Your copy must start with the line containing "ONO Signets silicone" and end with the last line of the entries, matching them exactly and leaving out every picture.
□ □ □ □ □ □ □
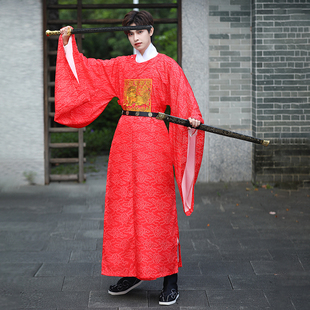 汉服男装明制官服红色武官一品狮子绣花圆领袍复原古风中国风古装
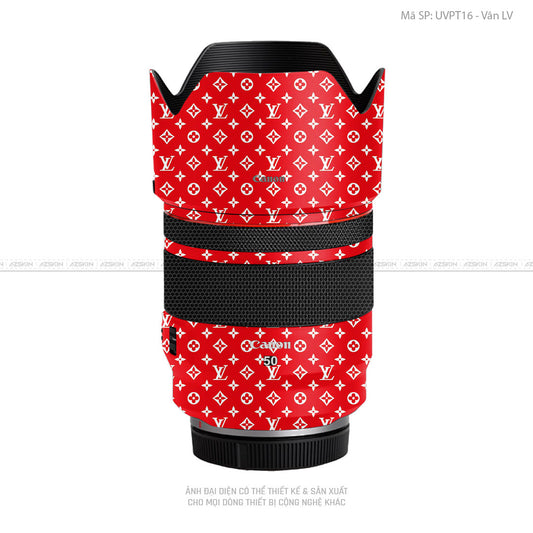 Dán Skin Ống Kính Canon Vân Nổi Pattern LV Đỏ Trắng | UVPT16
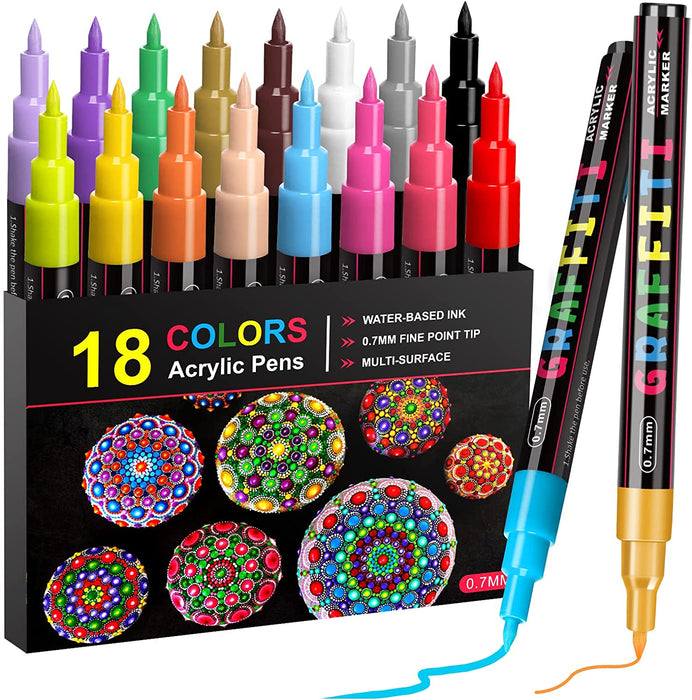 Acrylic Paint Markers Pens Set with 18 Colors for Rocks ,Fabric, Wood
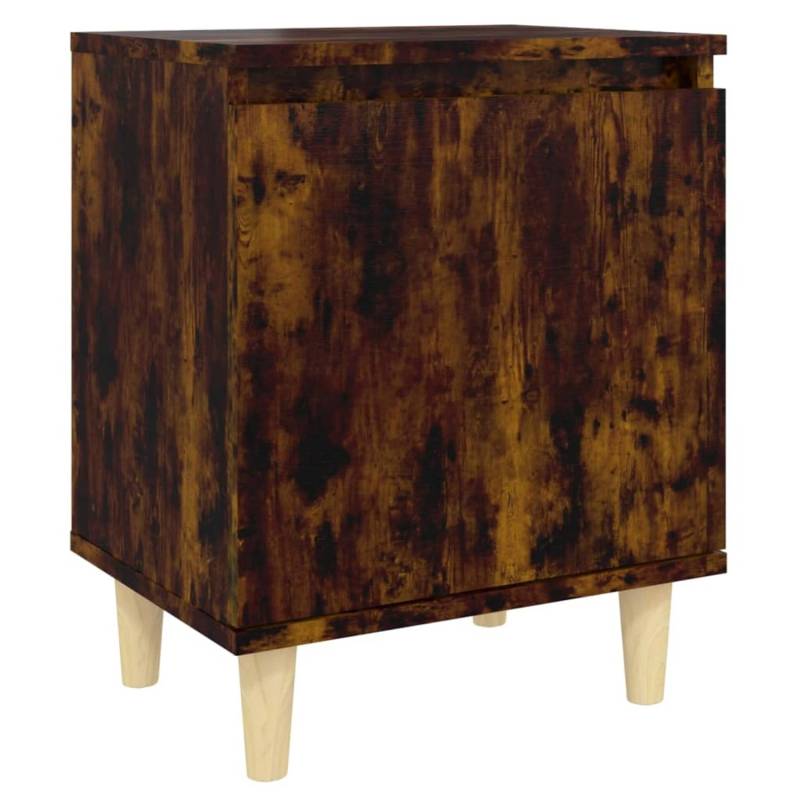 vidaXL Nachttisch mit Massivholz-Beinen Räuchereiche 40x30x50 cm Modell 1 von VIDAXL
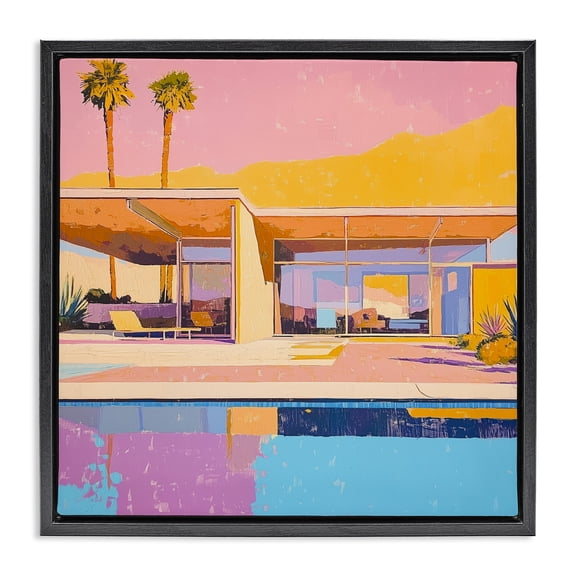 Stupell Industries Mid-Century Vivid Villa at Sunset Black Floating Frame Canvas Art, 18 x 18, by Walker Noble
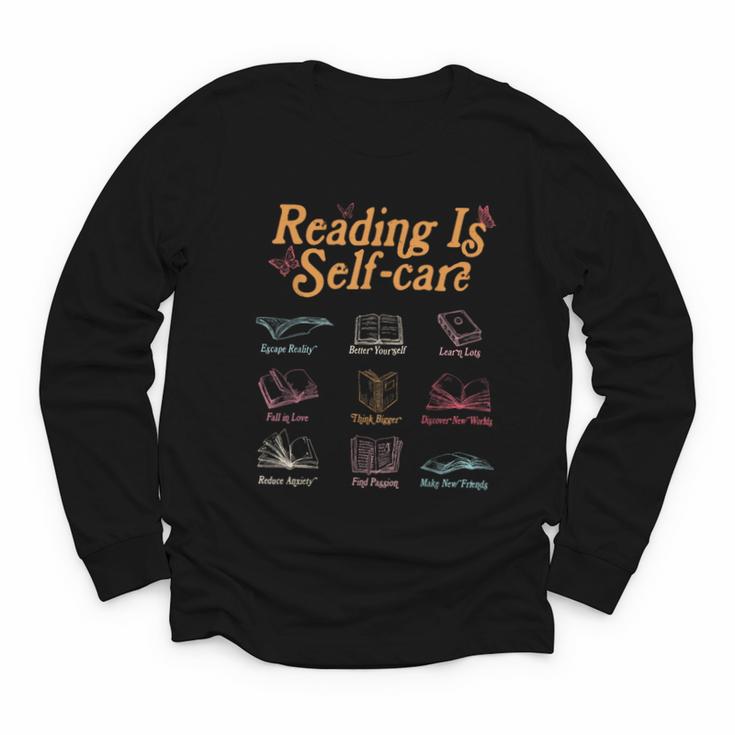 Reading Is Self Care Mental Health Read More Book Youth Long Sleeve Tee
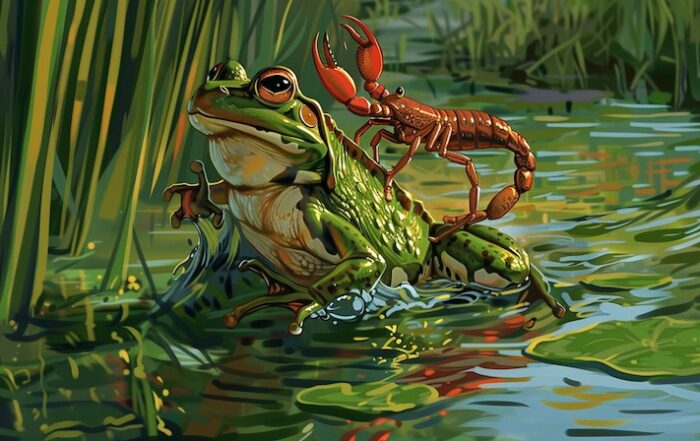 caught in a trap - scorpion and the frog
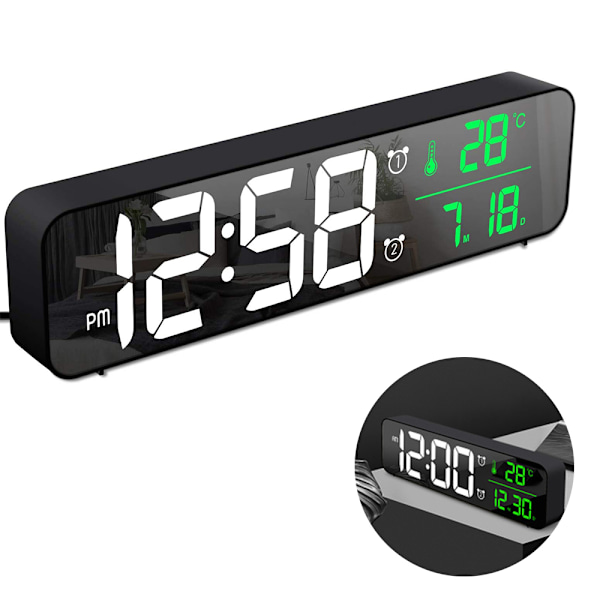 Digital väckarklocka, LED-väckarklocka Digital spegel väggklocka stora siffror bordsklocka med datum temperaturvisning, USB digital väckarklocka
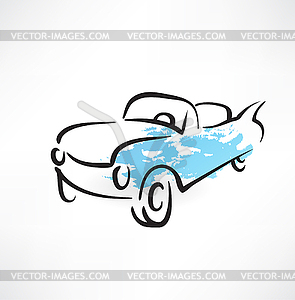 Car grunge icon - vector clip art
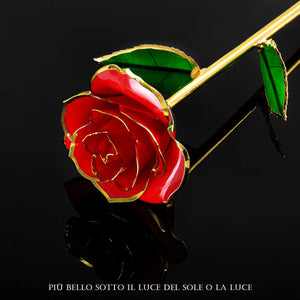 FORGIFTING Fiore di Vera Rosa Placcata con Oro 24K, Rose Rossa - Ilgrandebazar
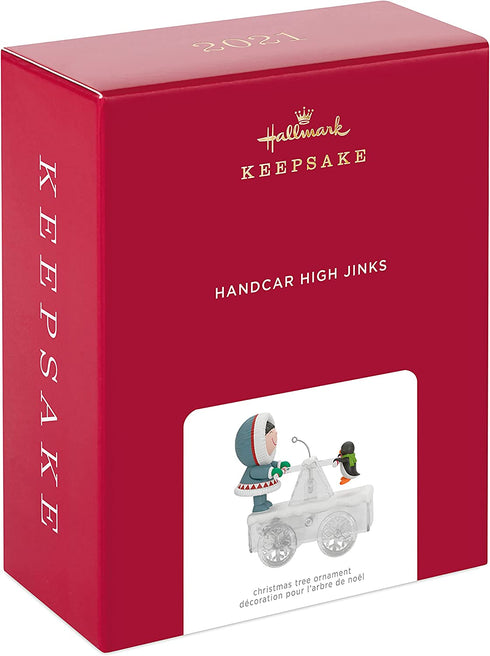 Hallmark Keepsake Christmas Ornament 2021, Frosty Friends Handcar High Jinks, Motion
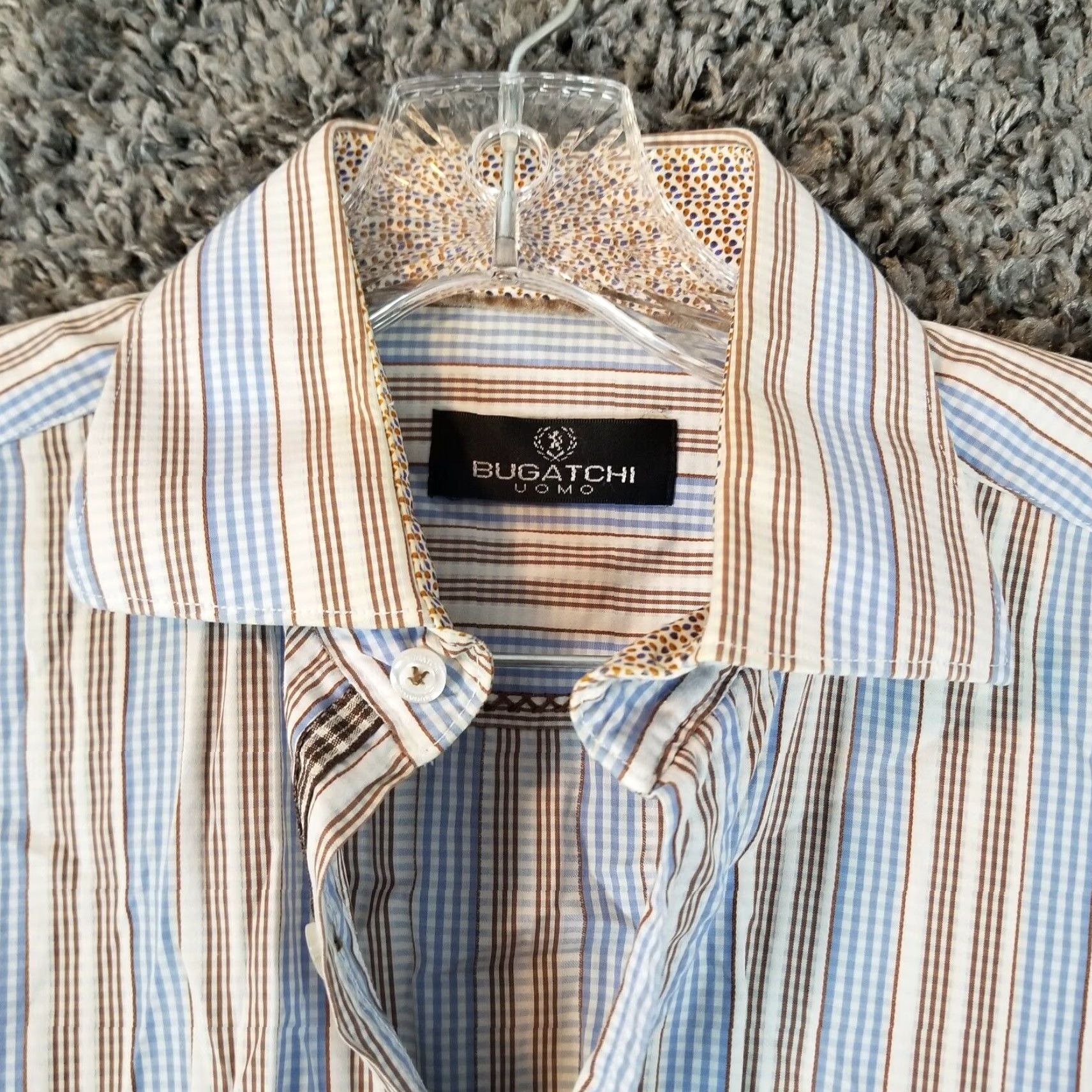 BUGATCHI BUGATCHI UOMO Shirt Long Sleeve Button-Up Size M Brown Blue Striped Men’s Casual Business Dress Shirt Size US M / EU 48-50 / 2 - 3 Thumbnail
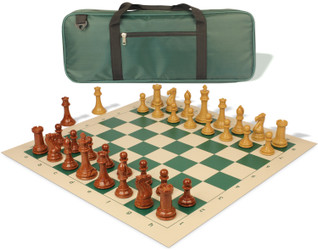 Image of ID 1235535914 Professional Deluxe Carry-All Plastic Chess Set Wood Grain Pieces with Vinyl Roll-up Board & Bag - Green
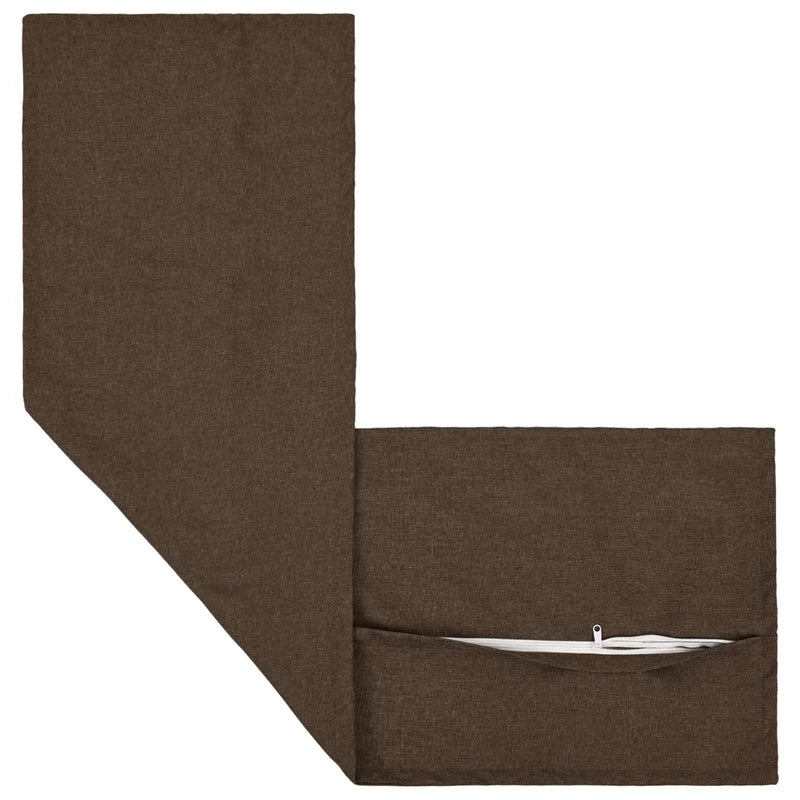Cushion with Pillow HOUTEN 2 pcs Taupe Faux Linen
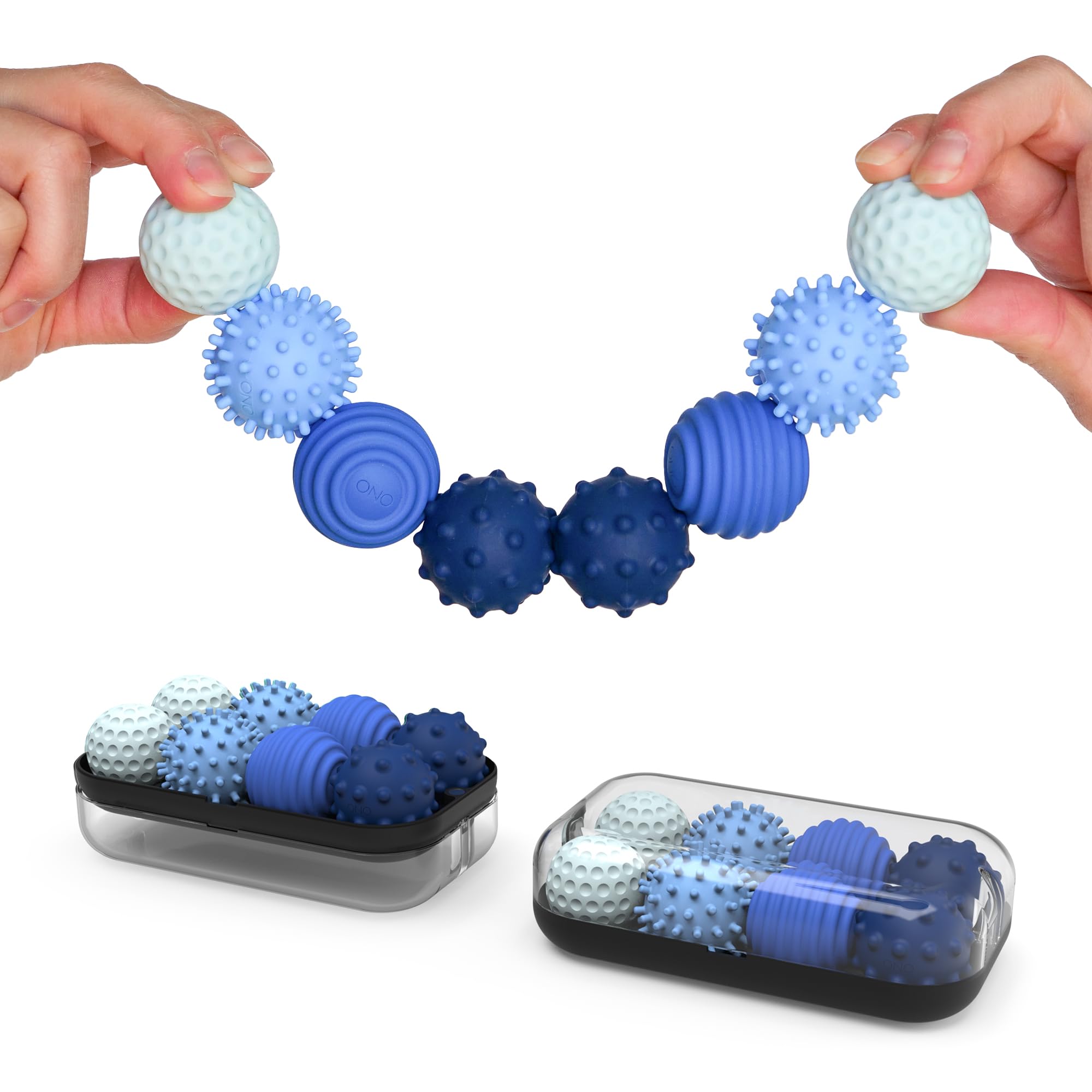 ONO Signets silicone magnetic balls with textured dimples for tactile stress relief.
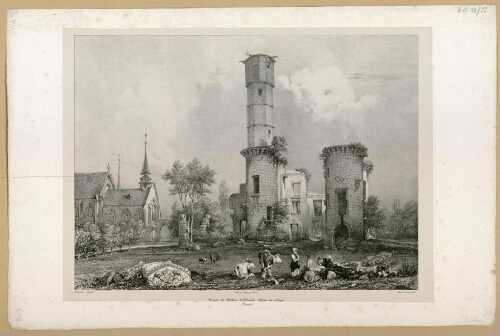 Ruines du château de Folleville - Eglise du village (Picardie).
□ □ □ □ □ □ □
**OUTPUT FOR THIS TASK:**
 ONO Signets silicone magnetic balls with textured dimples for tactile stress relief.
 Ruines du château de Folleville - Eglise du village (Picardie).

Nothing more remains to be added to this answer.